Editor’s note: This story has been updated to include estimates for the number of policyholders affected from the Insurance Information Institute.
TAMPA, Fla. (WFLA) — Progressive will not be renewing some homeowners insurance policies in Florida, the company confirmed Friday to WFLA.
A Progressive spokesperson said the company has begun required regulatory filings and will send out its first non-renewal notices in December. The first non-renewals will go into effect in May 2024 and will continue on a rolling 12-month basis.
The change affects DP3 (dwelling/fire) policies and other “direct and agency property policies,” the spokesperson said.
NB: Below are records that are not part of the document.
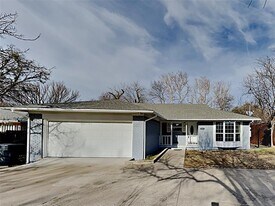 2141 Province Ln in Dallas, TX - Building Photo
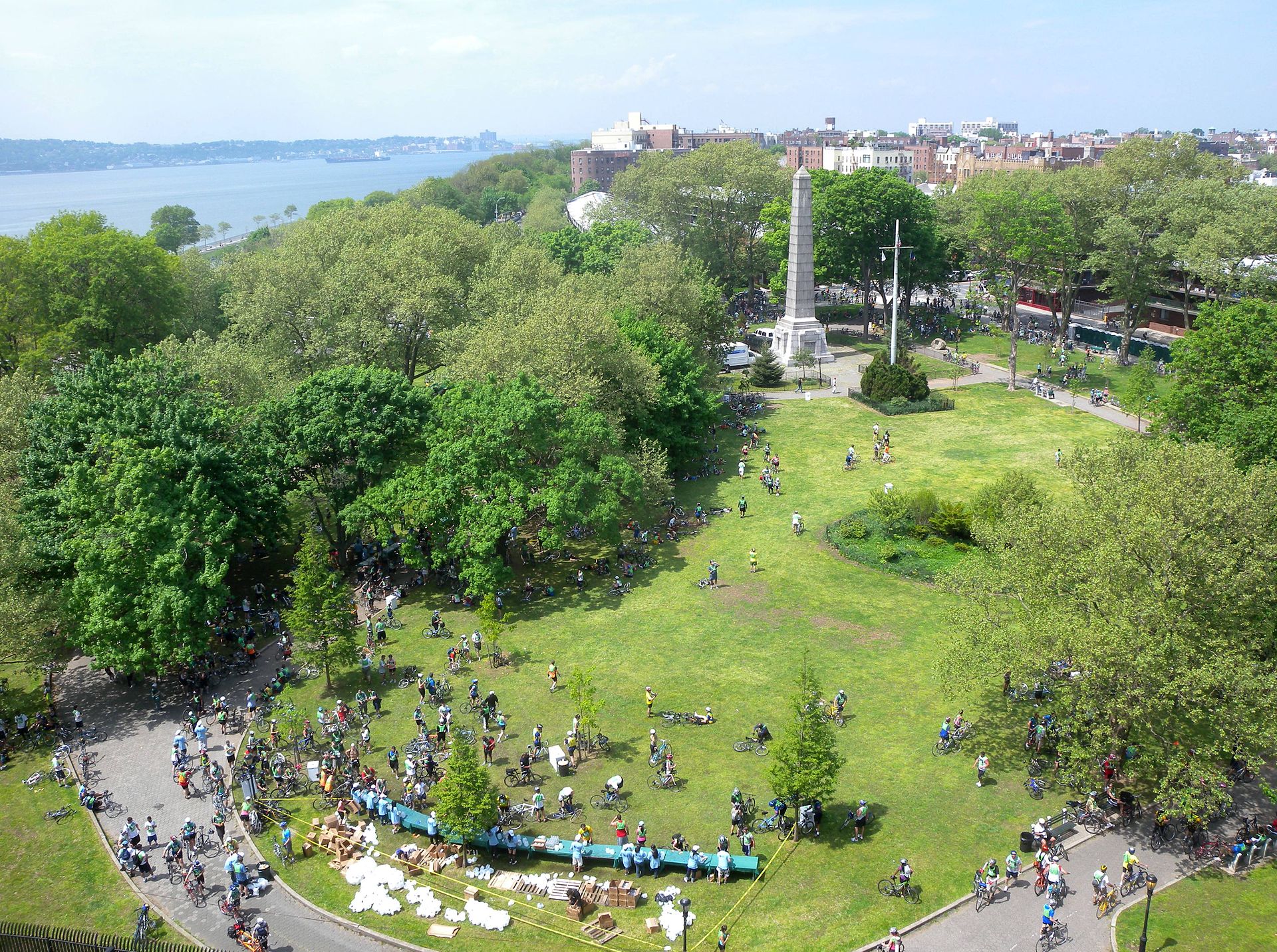 Zoom on the image : Dover Patrol Monument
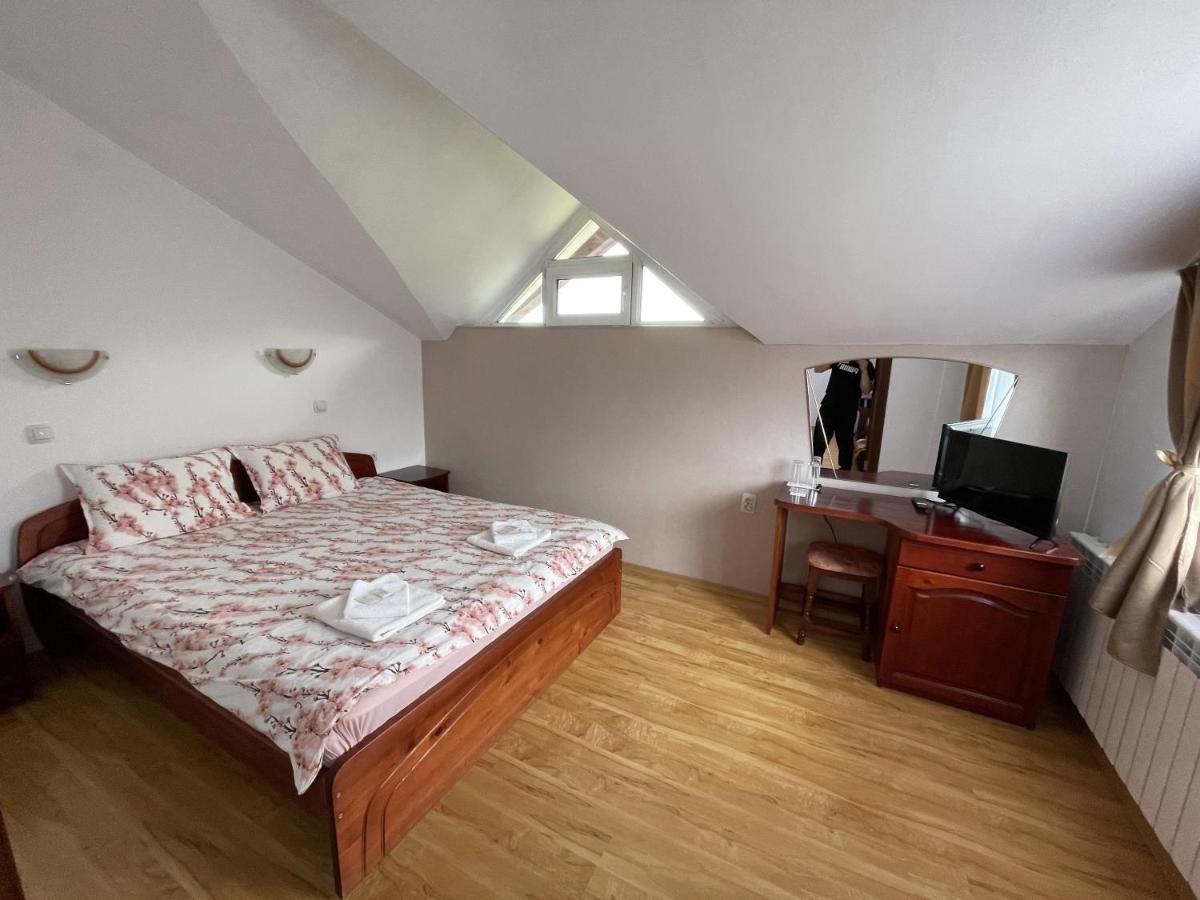 Family Hotel Panorama Sarnitsa ภายนอก รูปภาพ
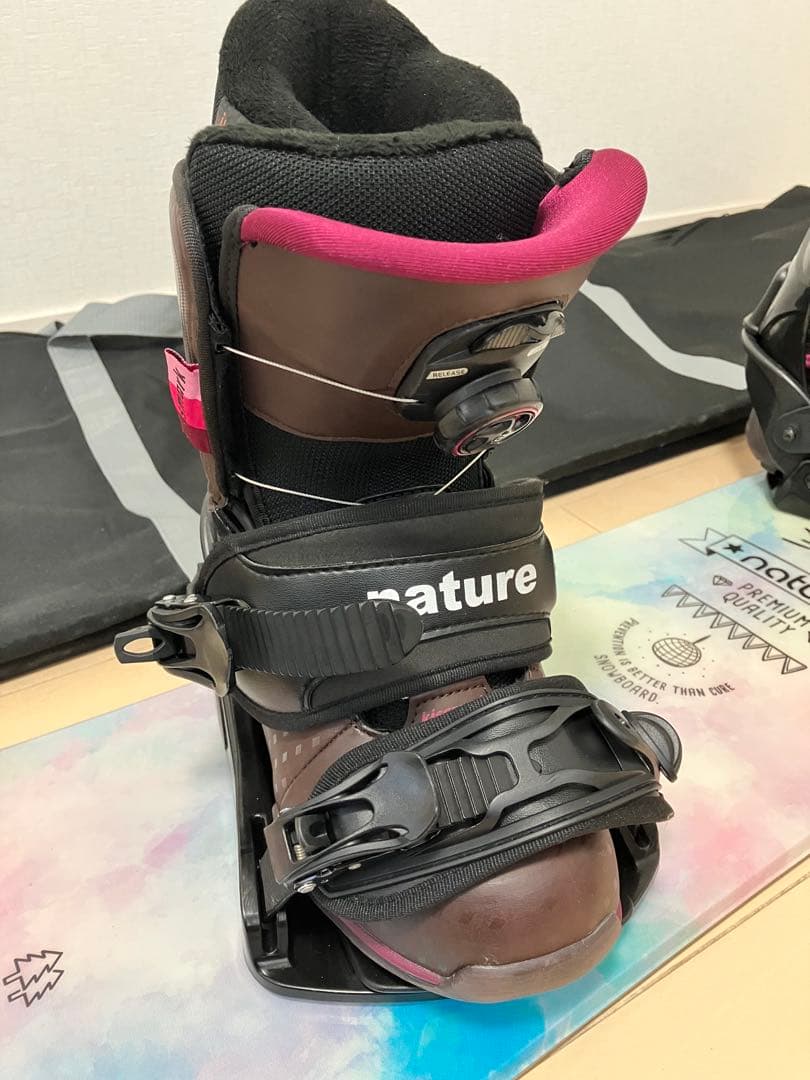 ARBN エアボーン　スノーボードとビンディングとブーツの3点セット 大阪手渡可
The company did not immediately say how many policyholders would be affected.
However, research from the Insurance Information Institute estimates that about 100,000 policyholders will be affected, which is 50% of its current policies in Florida.
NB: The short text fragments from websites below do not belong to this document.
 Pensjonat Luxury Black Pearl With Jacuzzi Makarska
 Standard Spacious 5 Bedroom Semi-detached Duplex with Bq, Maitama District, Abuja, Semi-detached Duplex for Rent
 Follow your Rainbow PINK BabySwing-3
Progressive is expected to cancel 47,000 DP3 policies, which generally deal with secondary residences, and 53,000 “high-risk properties,” according to the Insurance Information Institute.
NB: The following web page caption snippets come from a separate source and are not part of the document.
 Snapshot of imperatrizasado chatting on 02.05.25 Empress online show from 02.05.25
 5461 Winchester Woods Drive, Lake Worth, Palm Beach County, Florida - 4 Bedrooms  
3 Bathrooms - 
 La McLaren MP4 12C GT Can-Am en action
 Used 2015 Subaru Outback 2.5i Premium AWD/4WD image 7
“Florida property remains an important part of our Progressive Home business, and we have no plans to leave the state,” the spokesperson said in a statement. “However, we have been working collaboratively with state officials and the Florida Office of Insurance Regulation to implement changes that allow us to rebalance our exposure while continuing to serve Florida homeowners.”
The policyholders that will be affected will be offered replacement policies through Loggerhead Reciprocal Interinsurance Exchange.
“The actions we’re taking are necessary to ensure that we can continue to write business in Florida in a meaningful way — and we expect these actions will better position us to build a stronger, more stable, and more competitive Progressive Home business for consumers and independent agents in the long run,” the spokesperson said.
Progressive also didn’t renew 56,000 policies last year, according to the Insurance Information Institute.
Twice last year, Florida lawmakers passed sweeping property insurance reforms meant to stabilize the market and keep insurers in the state. But, they’re still reducing their footprint or leaving altogether.
Farmers Insurance previously announced it would also be canceling about 100,000 policies in Florida, citing risk management.
Critics of Gov. Ron DeSantis, who is seeking the Republican nomination for president, say he has focused too much effort on divisive cultural issues and not enough on making housing and insurance more affordable. The Legislature has grappled with the issue each of the last two years, including a special session in December.
Most of the focus has been on shielding insurance companies from lawsuits and setting aside money for re-insurance to help protect insurers.
At the end of 2022, average annual property insurance premiums had risen to more than $4,200 in Florida, which is triple the national average. About 12% of homeowners in the state didn’t have property insurance, compared with the national average of 5%, according to the Insurance Information Institute, a research organization funded by the insurance industry. At least six insurers went insolvent in Florida last year.
Florida has struggled to keep the insurance market healthy since 1992, when Hurricane Andrew flattened Homestead, wiped out some insurance carriers and left many remaining companies fearful to write or renew policies in Florida. Risks for carriers have also been growing as climate change increases the strength of hurricanes and the intensity of rainstorms.
The Associated Press contributed to this report.